◆ YOUR ASSIGNMENT
All of the data below should be repeated exactly. Pictures should not be included.

◆ DATA SECTION
========================================

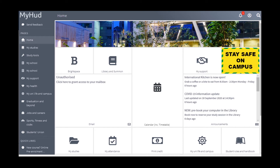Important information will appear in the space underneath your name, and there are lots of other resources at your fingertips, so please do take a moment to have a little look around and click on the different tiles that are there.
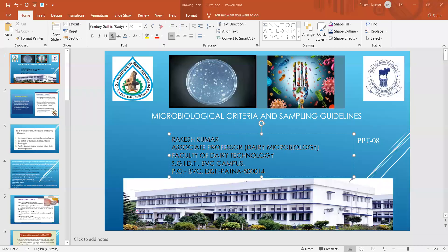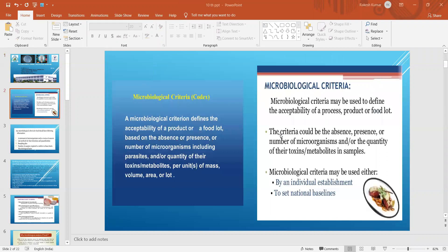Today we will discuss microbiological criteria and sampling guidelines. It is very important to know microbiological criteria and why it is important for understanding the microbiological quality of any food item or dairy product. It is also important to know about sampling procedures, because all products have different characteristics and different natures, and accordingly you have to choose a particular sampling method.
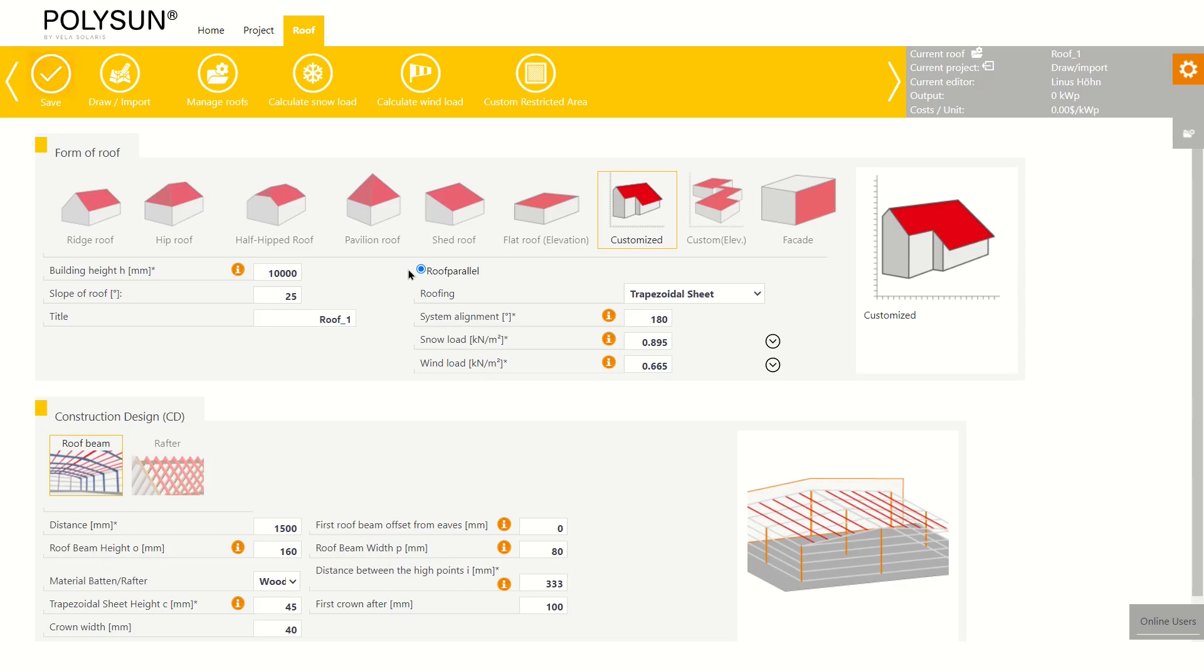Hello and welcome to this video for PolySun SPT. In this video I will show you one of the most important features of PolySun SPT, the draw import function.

========================================

◆ TASK RESPONSE
Important information will appear in the space underneath your name, and there are lots of other resources at your fingertips, so please do take a moment to have a little look around and click on the different tiles that are there.
Today we will discuss microbiological criteria and sampling guidelines. It is very important to know microbiological criteria and why it is important for understanding the microbiological quality of any food item or dairy product. It is also important to know about sampling procedures, because all products have different characteristics and different natures, and accordingly you have to choose a particular sampling method.
Hello and welcome to this video for PolySun SPT. In this video I will show you one of the most important features of PolySun SPT, the draw import function.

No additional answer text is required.